Pohon-pohon kebencian, dusta (hoax) telah banyak ditanam di lahan medsos. Tetapi banyak pula pohon-pohon kebaikan, kejujuran dan kasih-sayang yang disebarkan di medsos. Cepat atau lambat semuanya akan memanen apa-apa yang telah ditanamnya.
Terkadang orang mengira buah dari perilaku buruk adalah kebajikan. Tetapi yang terjadi sebenarnya dusta membuahkan dusta, fitnah membuahkan fitnah, caci-maki membuahkan caci-maki. Seringkali, hasil panen itu tak terasa karena wujudnya tak kelihatan. Bahkan bisa jadi tanaman keburukan menghasilkan panen materi, kejayaan, pujian.
Orang bisa kaya dengan cara-cara korupsi, berdusta dan menipu; orang bisa saja tampak di atas angin ketika caci-makinya melebihi takaran caci-maki lawannya. Padahal saling mengumpat adalah celaka. Si A mengumpat si B. Si B mengumpat si A. Adu umpatan adalah perlombaan mencari celaka, sebab “celakalah orang-orang yang mengumpat lagi mencela,” demikian Tuhan berfirman.
Kita terkadang lupa bahwa proses juga penting dalam meraih tujuan. Tahu goreng entah bulat entah kotak bisa jadi sangat renyah dan lezat rasanya walau dalam proses penggorengannya menggunakan minyak yang sudah dipakai berkali-kali plus tambahan borak atau formalin.
Rasanya enak, namun diam-diam tahu goreng itu, jika dikonsumsi setiap hari, akan merusak tubuh dari dalam. Demikian pula dalam kegiatan yang kita klaim menegakkan kebenaran dan kebajikan yang memakai cara buruk.
Ambil contoh berdusta. Pertama kali berbohong, mungkin tak ketahuan. Tetapi lama-lama ketahuan juga, sehingga orang harus menciptakan kebohongan baru untuk menutupi kebohongan sebelumnya. Berlipatgandalah produk kebohongannya.
Jika dibiasakan, orang yang biasa berbohong tak akan pernah merasa salah jika bohong. Bahkan ia merasa tak cukup hanya berbohong untuk menutupi kebohongannya: ia lalu memfitnah untuk mengalihkan perhatian orang dari kebohongannya. Dalam fitnah jelas mengandung unsur kebohongan.

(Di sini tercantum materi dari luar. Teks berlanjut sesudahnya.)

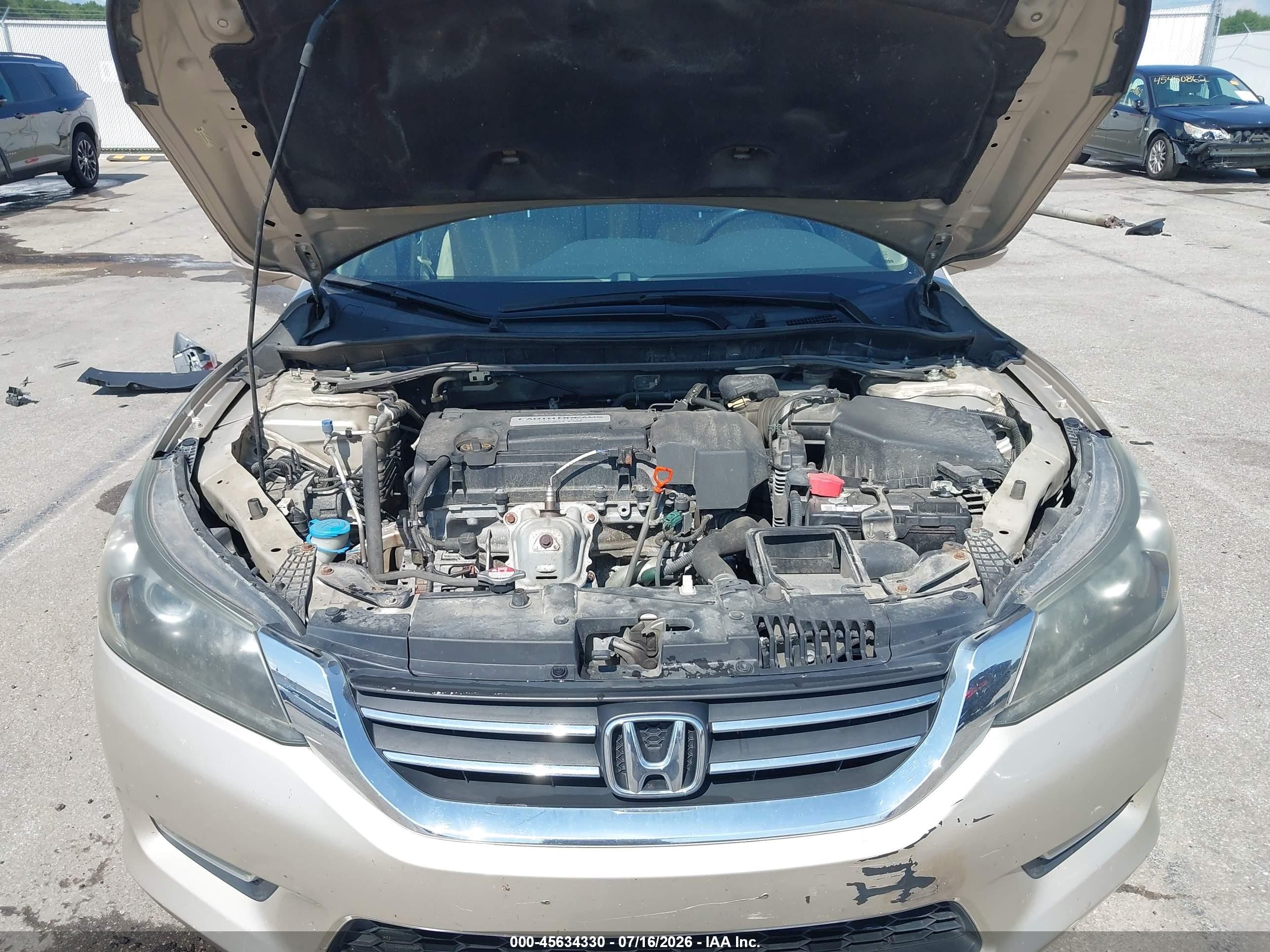 2013 Honda Accord Ex-l Tan vin: 1HGCR2F89DA197781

Level dustanya meningkat, panennya bermacam-macam: fitnah, umpatan, benci, dan seterusnya, yang selain merusak orang lain juga merusak diri sendiri.

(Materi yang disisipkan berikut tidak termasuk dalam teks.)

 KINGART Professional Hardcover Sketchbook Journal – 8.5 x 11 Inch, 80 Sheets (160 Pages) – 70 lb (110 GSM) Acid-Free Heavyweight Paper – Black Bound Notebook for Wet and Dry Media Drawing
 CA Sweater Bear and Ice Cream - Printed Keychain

Kerusakan pada diri yang gawat adalah ketika pendusta akut menjadi percaya bahwa apapun kebohongan yang datang dari dirinya adalah kebenaran, atau setidaknya, tidak apa-apa berbohong. Ia kemudian memproyeksikan kebohongan dirinya pada orang lain. Yakni apapun yang tidak sesuai dengan keinginan atau gagasan dirinya akan langsung ia tuduh bohong, bahkan jika itu adalah fakta objektif dan empiris sekalipun.
Ketika pohon dusta yang ditanamnya makin subur dan rindang, maka ia mendapatkan buah yang baru yang lebih gawat. Ia tak sadar telah dibohongi oleh hawa nafsunya sendiri. Dengan bantuan setan, hawa-nafsu pendusta membohongi si pendusta sehingga ia merasa dirinya berada di jalan kebenaran.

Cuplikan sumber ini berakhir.